それはそれとして、キリトの妙な遠慮は気になるところだった。どうせ帰るなら街まで送るというこっちの申し出に対し、どういうわけか「申し訳ない」と辞退されたが、本人の意思は尊重するに越したことはない。興味本位で詮索することはもうするつもりはないのだが、どうせ変なことは考えていないだろう。抱えられていた寝袋女はかなり美人だが、このキリトという男は意識のない女性に狼藉を働くほど《つまらない行為》に及ぶような人間ではないのは少ない時間でのやりとりの中で分かっているつもりだ。というより、この寝袋女の方がむしろ危険な気がしてならない。汚い手で触れようものなら、噂の《リニアー》で掌から肩まで貫かれそうな鋭さを感じる。
「さてと、本当にここで良いんだな?」
「助かったよ。わざわざこんなところまで付き添ってくれて……」
寝袋女を包む寝袋をポップアップメニューの操作で剥ぎ取って――――そのまま寝かせてやればいいのに――――キリトが頭を下げた。赤いフーデッドケープを羽織ったその女性は、全く目を覚ます気配がない。しばらくはこのままだろうか。

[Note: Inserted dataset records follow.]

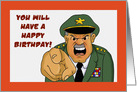 Birthday Card With Cartoon Military General Pointing and Yelling card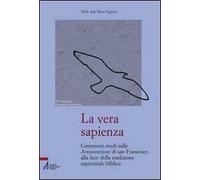 La vera sapienza. Commenti-studi sulle Ammonizioni di san Francesco alla luce della tradizione sapienziale biblica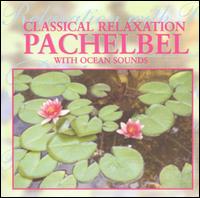 Classical Relaxation with Pachelbel von The Northstar Orchestra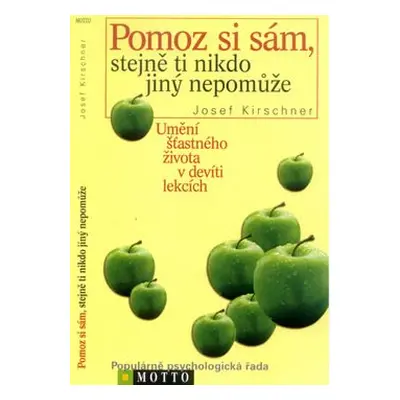 Pomoz si sám, stejně ti nikdo jiný nepomůže (Josef Kirschner)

ただ、キリトの声が暗いのが少し気になる。どういう事かは分からないが、思い悩むことでもあるのだろうか?
……だが、あまり互いに踏み込み過ぎても利は少ない。そもそも、キリトは俺よりも先にはじまりの街を発ったプレイヤーだ。俺が心配するほど弱い人間であるはずがない。それに、昨夜渡しそびれたブツを預けて大人しくなっているとはいえ、ヒヨリを待たせ過ぎても悪い。そろそろ頃合いだろう。
「じゃ、ここらで失礼するよ」
「……リン、答えたくないならいい。でも、聞きたいことがある」
呼び止められ、ひとまず足を止める。
《ちゃん付け》はなくなったとはいえ、名前で呼ばれるのに慣れ始めた自分に軽い嫌気を覚えながら話を促した。詮索してしまった貸し借りはこれで帳消しとしよう。
「ヒヨリと行動することは、怖くなかったのか?」
そう質問するキリトの表情は、辛そうだった。おそらく、俺の回答如何では何らかのダメージを与えることも考えられなくはない。